He Was Convicted Of Murder At 18-Years-Old, Now 23 Years Later He's A College Grad & Valedictorian

He Was Convicted Of Murder At 18-Years-Old, Now 23 Years Later He's A College Grad & Valedictorian
Ren Moore's Facebook Page via Huffington Post

With the right amount of focus, determination, and support, it is possible to overcome the worst circumstances and make positive changes in your life. This is especially true for Renald "Ren" Moore, valedictorian (summa cum laude) of Texas Southern University's Winter 2016 graduating class of 800 students. After serving nearly 20 years in prison for shooting a man to death over a drug deal gone bad, this aspiring rapper and actor has two degrees, a bright future ahead of him, and a story to tell. 

Moore led a troubled life growing up in Studewood, a neighborhood in Houston, Texas. Known back then as Reynoll White, he was raised for most of his childhood by his grandmother and step-grandfather. The 1980s brought with it an epidemic drug culture which plagued Black communities across the United States. He was constantly being told that he was dumb and wouldn't amount to much. In an interview with the Houston Chronicle, Moore explained, "When I was growing up, people told me I was dumb. I believed that. I internalized that." 

Before long, Moore started getting into trouble with the law. He shared in an interview with the Huffington Post that, “The first time I was arrested was back in the 8th grade, that was for a fight in school. My first drug possession case was back in 1989 when I was 14 years old.” 

By the time he had turned 18, Moore had been arrested, spent time in the Texas Youth Commission juvenile correction facility in Crockett (Texas), and led a team of street hustlers selling crack cocaine. In June 1993, Moore got into a dispute over a bad batch of crack where he says his life was threatened. He shot the man several times and landed himself in prison for almost 2 decades thereafter.

Moore realized that he had to make a change. While incarcerated, he attended college classes and earned an Associate's Degree in Liberal Arts. He explained further in his Huffington Post interview, “I resolved in my mind and turned to God, prayed, and asked God to help me better my life and help me straighten my life out,” Moore said, recalling his days contemplating his path in prison. “I was forced to take that long, hard look in the mirror that a lot of people have to do when people confront their demons. I let a lot of people influence me to do the wrong things.”
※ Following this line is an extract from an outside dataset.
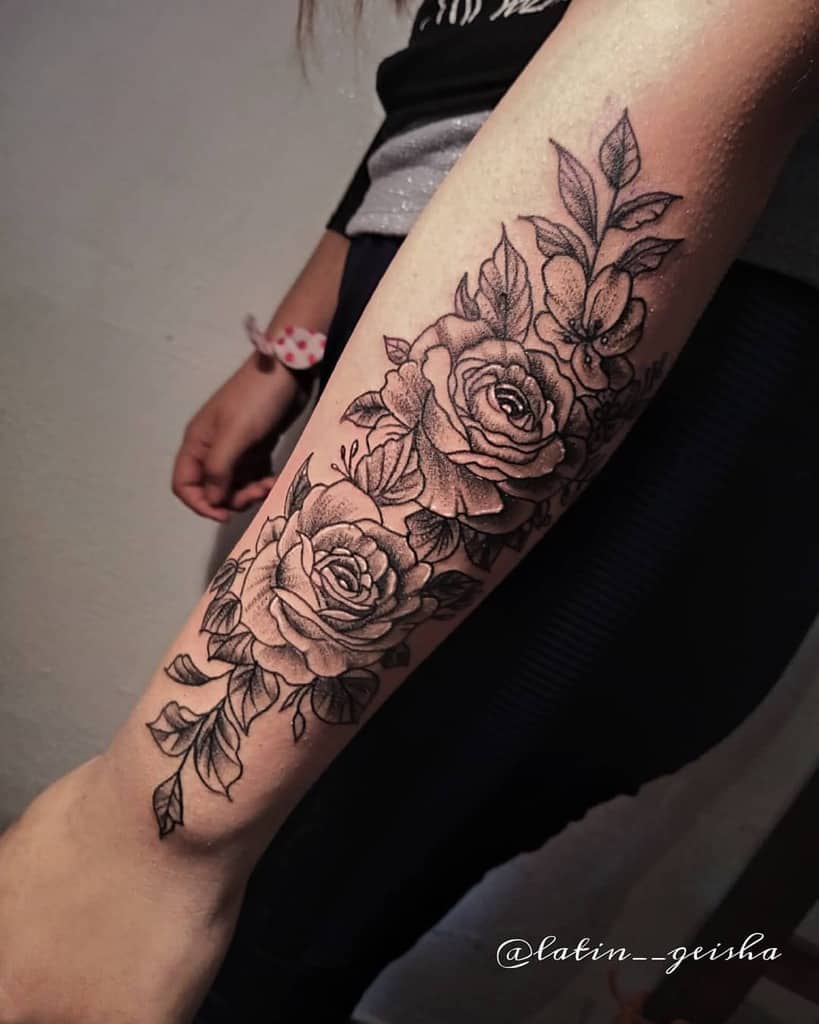 Black and grey forearm tattoo showcasing two detailed roses with intricate leaves and floral accents, combining elegance and boldness
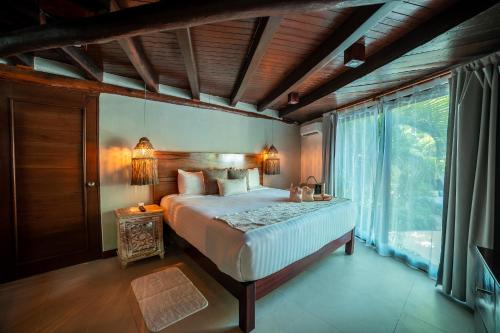 Cama o camas de una habitación en Ana y Jose Hotel & Beach Club Tulum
TSU Fall 2016 Valedictorian Ren Moore

Upon his release, however, he moved in with family and struggled to find work. Being a reformed felon, even with a degree, didn't exactly open doors. After a dispute with his uncle, Moore found himself homeless, staying at shelters like the Salvation Army and the Star of Hope, and even sleeping at the Metro Rail Station and under the Pierce Elevated. He vowed that he would stay on the straight path rather than fall into old habits. 

When he was 39-years-old, his mother encouraged him to pursue college and find himself. Texas Southern University was the perfect place to do just that. With some help from the organization that facilitated his return to civilian life, the love and support from the TSU family, and his unshakable resolve to make a life for himself, Moore found himself a constant presence on the Dean's List while grabbing coveted roles in campus productions.Johnny B. Goode Show Poster

He didn't even know how to use a computer when he arrived on campus and really struggled to find his footing during his first year. The university's Office of Disability Services helped Moore fight through depression. At every turn, there was someone to help him every step of the way.

Moore's 4-minute message to his graduating class during the commencement rehearsal was met with a standing ovation from his classmates: "All of you had to go through something...never let anybody tell you that you can't make it." Hat's off to you, Ren Moore. Respect.